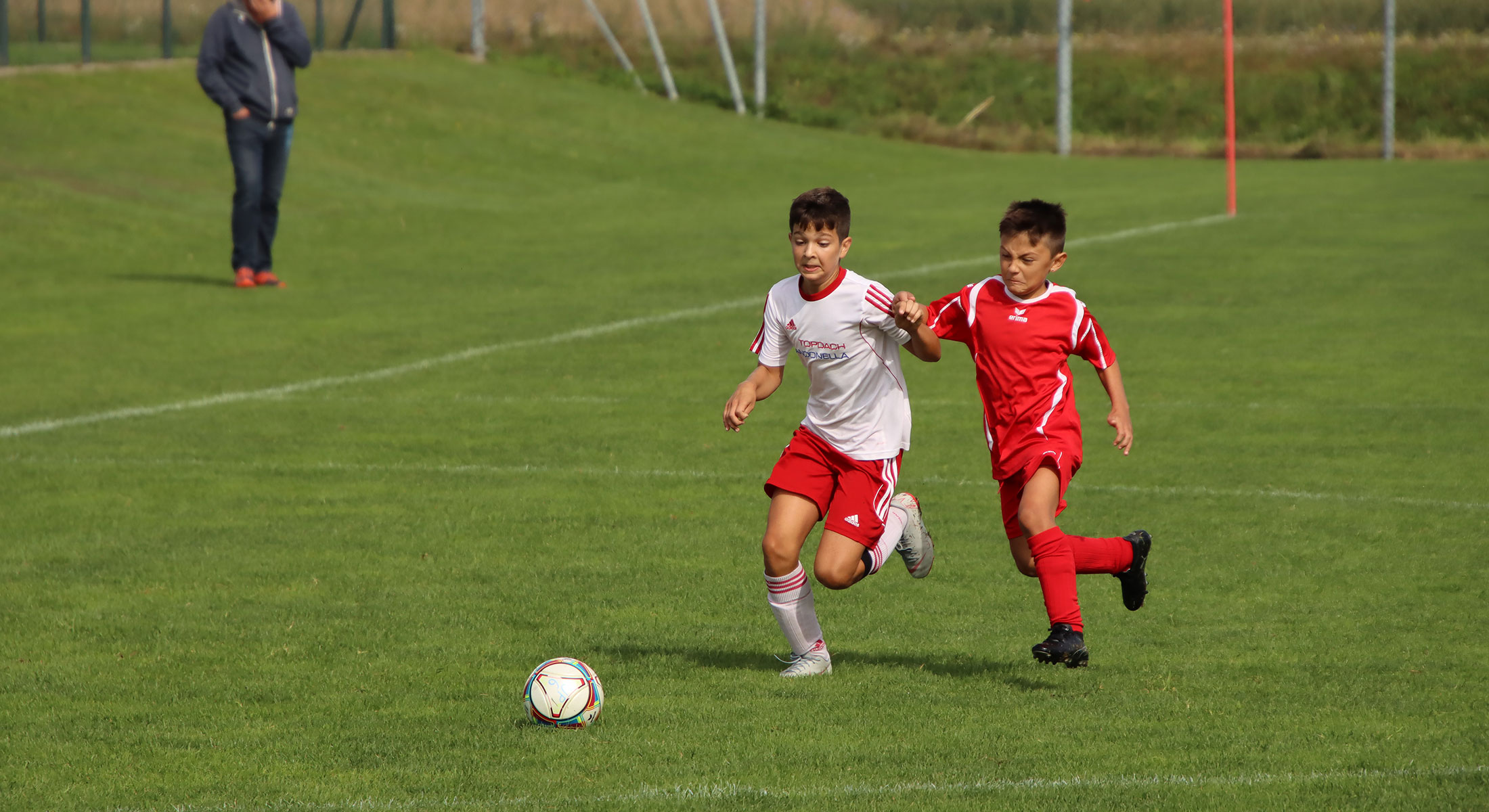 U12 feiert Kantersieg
* * *
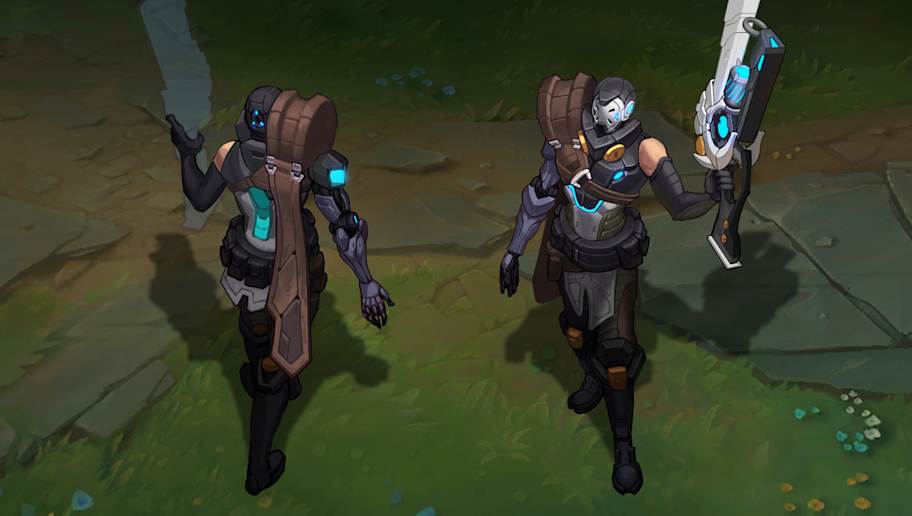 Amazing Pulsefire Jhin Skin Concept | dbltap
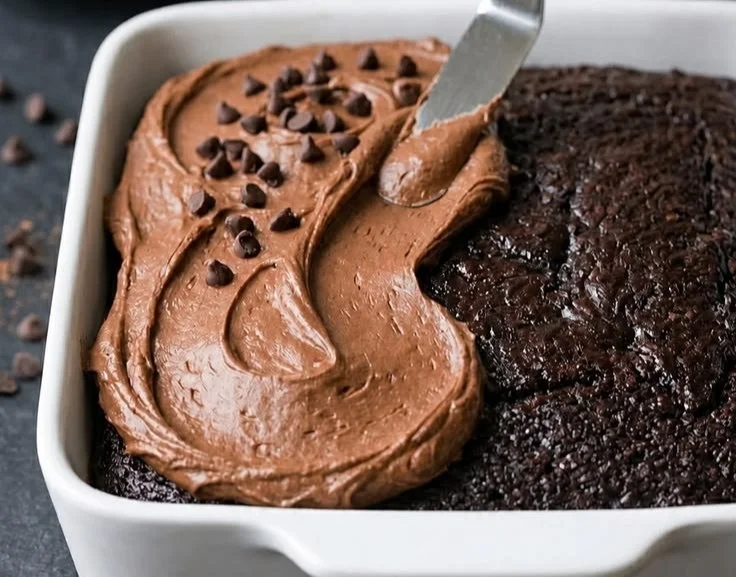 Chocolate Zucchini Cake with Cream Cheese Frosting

Aim of the exercise:
Transcribe only the lines above that start at the line containing "Amazing Pulsefire Jhin Skin Concept | dbltap" and end at the line containing "Chocolate Zucchini Cake". Omit pictures.

Response for this exercise:
 Amazing Pulsefire Jhin Skin Concept | dbltap
 Chocolate Zucchini Cake with Cream Cheese Frosting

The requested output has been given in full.